> DATA TO USE:
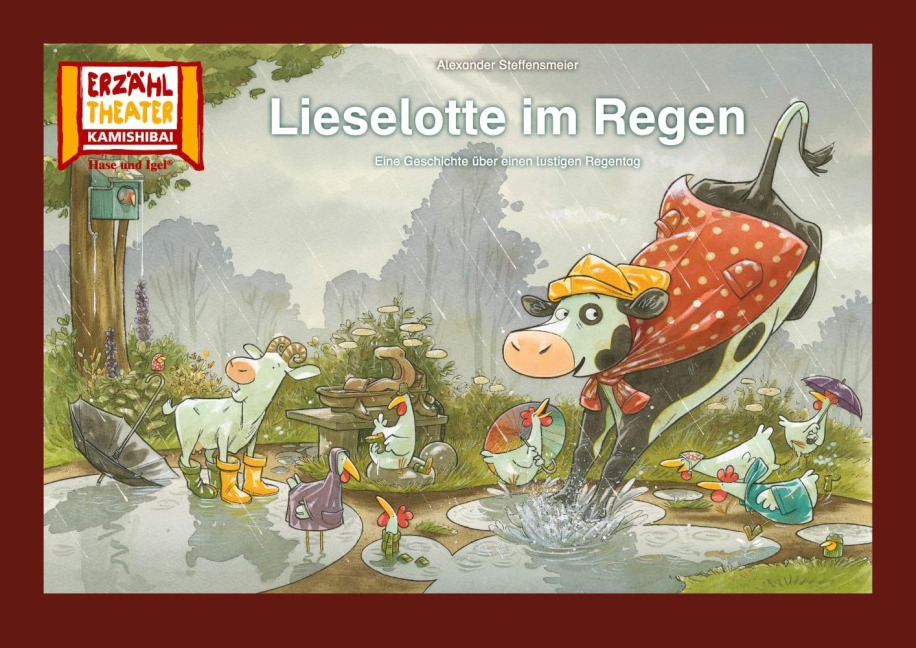 Lieselotte im Regen / Kamishibai Bildkarten - Alexander Steffensmeier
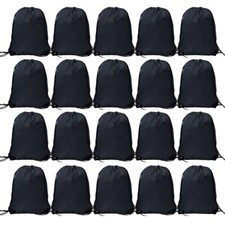 20 Pcs Drawstring Backpack Bulk Draw String Bags Cinch Polyester Bag for Gym ...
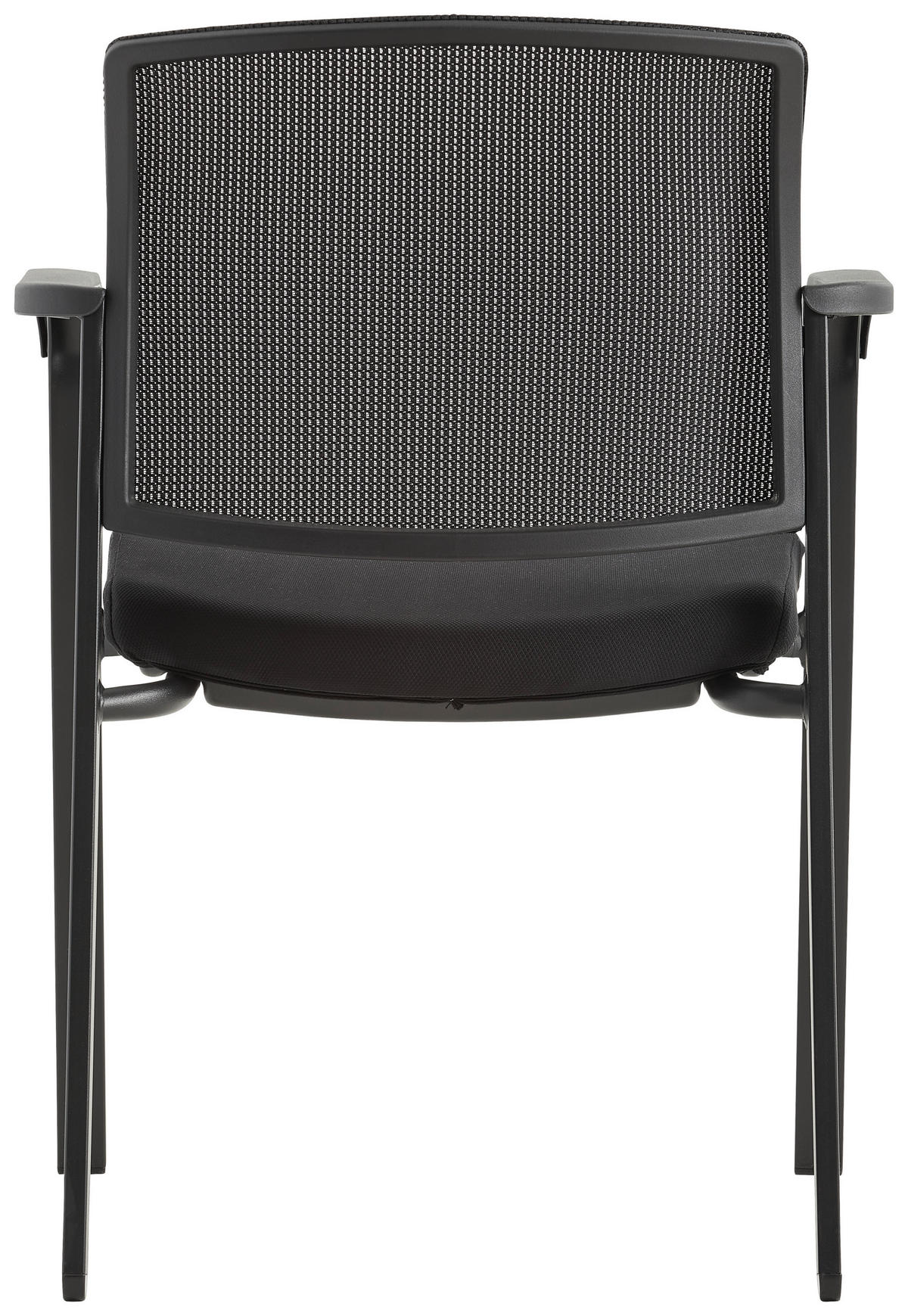 ŽIDLE S PODRUČKAMI, železo, tkaná látka, černá - černá, Konvenční, kov/textil (57/81/54cm) - Xora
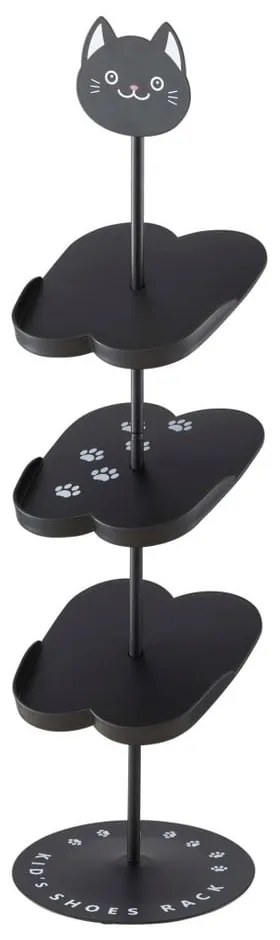 Čierny kovový detský stojan na topánky Kid's Shoe Rack – YAMAZAKI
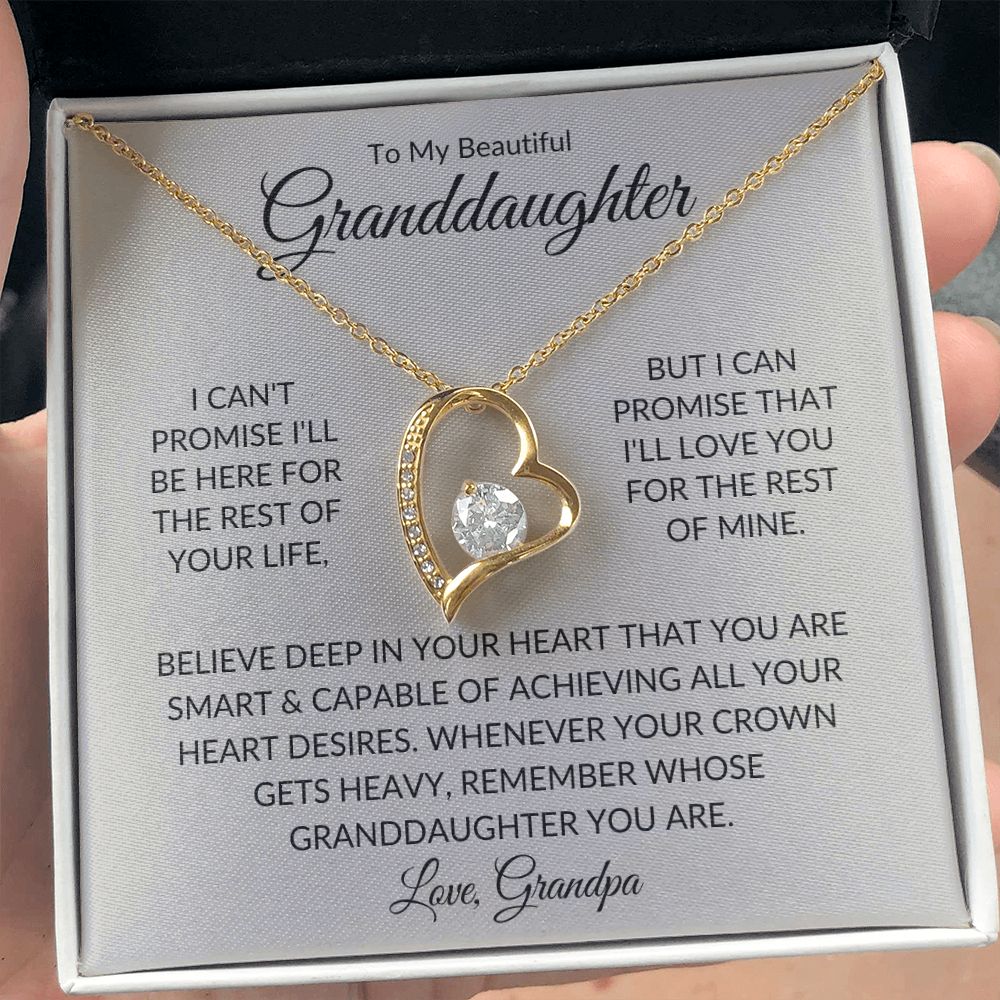 To My Beautiful Granddaughter | Believe In Your Heart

> PROBLEM TO WORK ON: Print the entire listing above verbatim. No picture should be included.

> RESULT OF THIS EXERCISE:
 Lieselotte im Regen / Kamishibai Bildkarten - Alexander Steffensmeier
 20 Pcs Drawstring Backpack Bulk Draw String Bags Cinch Polyester Bag for Gym ...
 ŽIDLE S PODRUČKAMI, železo, tkaná látka, černá - černá, Konvenční, kov/textil (57/81/54cm) - Xora
 Čierny kovový detský stojan na topánky Kid's Shoe Rack – YAMAZAKI
 To My Beautiful Granddaughter | Believe In Your Heart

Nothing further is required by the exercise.